Kompetenz-Kompetenz and separability codified

The well-established principles of Kompetenz-Kompetenz and separability are proposed to be expressly codified in the new Arbitration Act. Accordingly, the tribunal decides its own jurisdiction, including the existence, validity and scope of the arbitration agreement. Jurisdictional decisions made during the proceedings or in the final award, whether positive or negative, can be referred to the Court of Appeal within 30 days. The arbitration may continue whilst the jurisdictional challenge is pending. Whereas the possibility to challenge a positive ruling on jurisdiction is widely adopted in national arbitration legislations, Finland would, by virtue of the new Arbitration Act, become the first Nordic country to allow negative ruling on jurisdiction to be directly challenged in court.

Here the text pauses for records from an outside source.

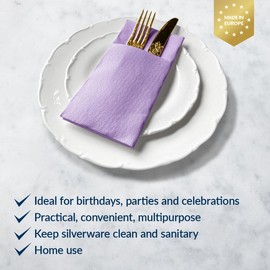 PAW - Linen Feel Napkins with Built-in Flatware Pocket, Airlaid Paper Pre-Folded Napkins for Silverware, Wedding Party, Dinner, Birthday, Gatherings, Monocolor Violet, 50 Count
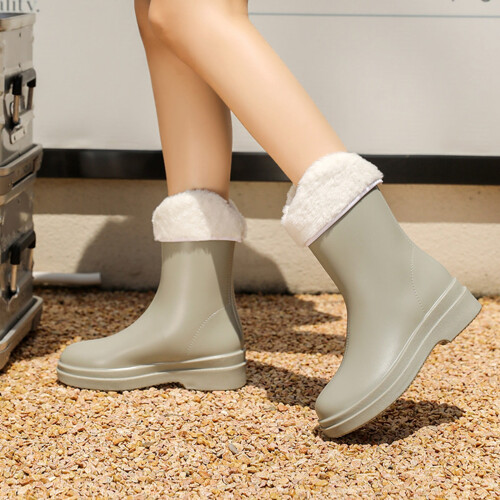 Women's Punk Short Rain Boots Cotton Lining Arch Support 1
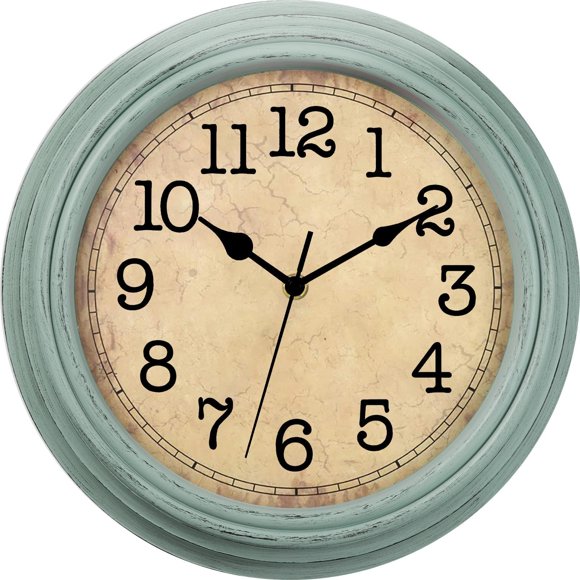 Reloj de pared HYLANDA 30 cm vintage silencioso en verde azulado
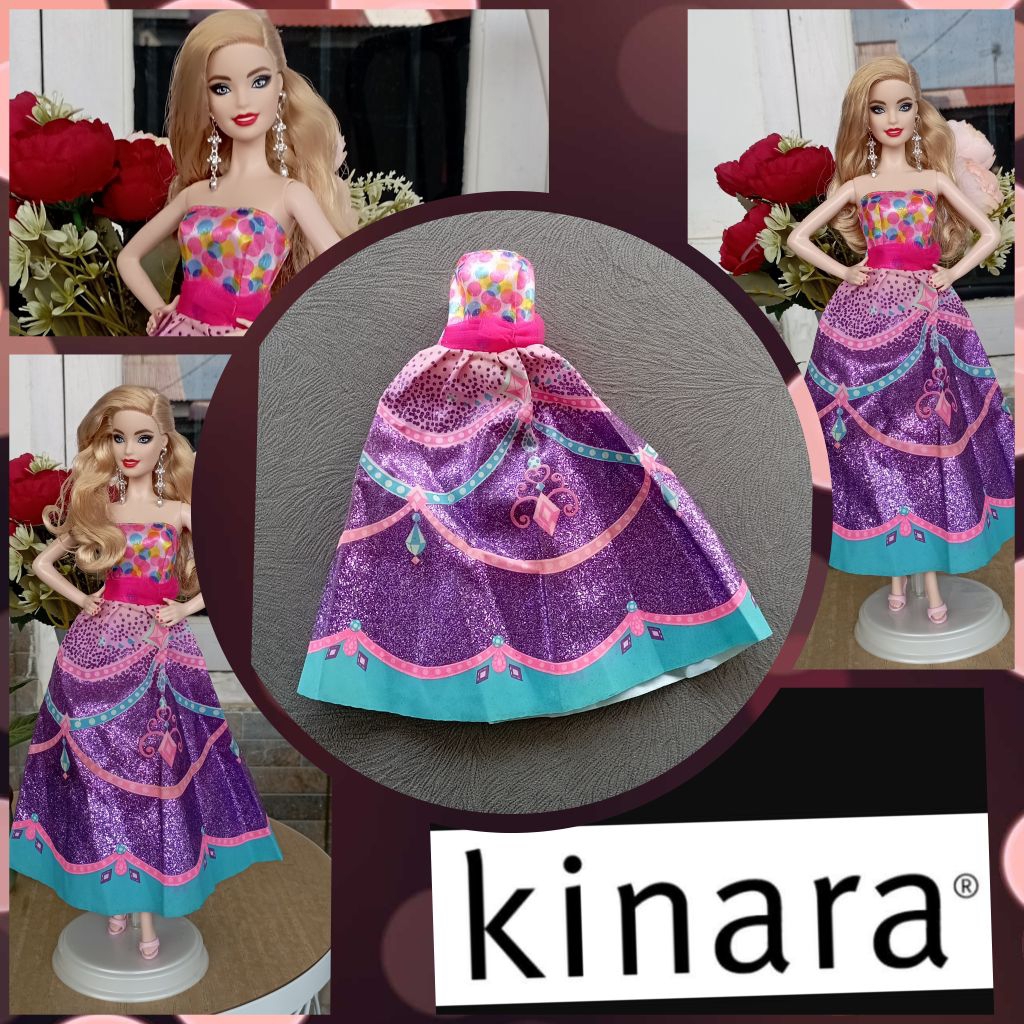 Gaun Barbie Princess Purple Glitter Original Mattel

The proposal also codifies the well-established separability principle suggesting that an arbitration clause within a contract is treated as independent from the other terms when determining the existence and validity of the arbitration agreement.

Multi-party and multi-contract arbitration

The proposed new Arbitration Act introduces explicit, generally non-mandatory rules for multi-party and multi-contract situations. These include provisions on joinder of third parties, consolidation of proceedings, multi-contract claims, and multi-party appointment rules. Such provisions are new to the Finnish law and do not appear in the Model Law.

A third party may be joined to pending proceedings if (i) all parties and the third party consent, or (ii) the same arbitration agreement binds all parties and the tribunal (or court, if arbitral tribunal is not yet constituted) finds justified cause for joinder. All parties must be heard before the decision.

Two or more arbitral proceedings may be consolidated if (i) all parties consent to the consolidation, or (ii) the proceedings have the same arbitral tribunal, the parties to all the arbitral proceedings are bound by the same arbitration agreement, the consolidation is based on this agreement, and the arbitral tribunal deems that there are justifiable reasons for the consolidation. The parties to all arbitral proceedings to be consolidated must be heard before consolidation.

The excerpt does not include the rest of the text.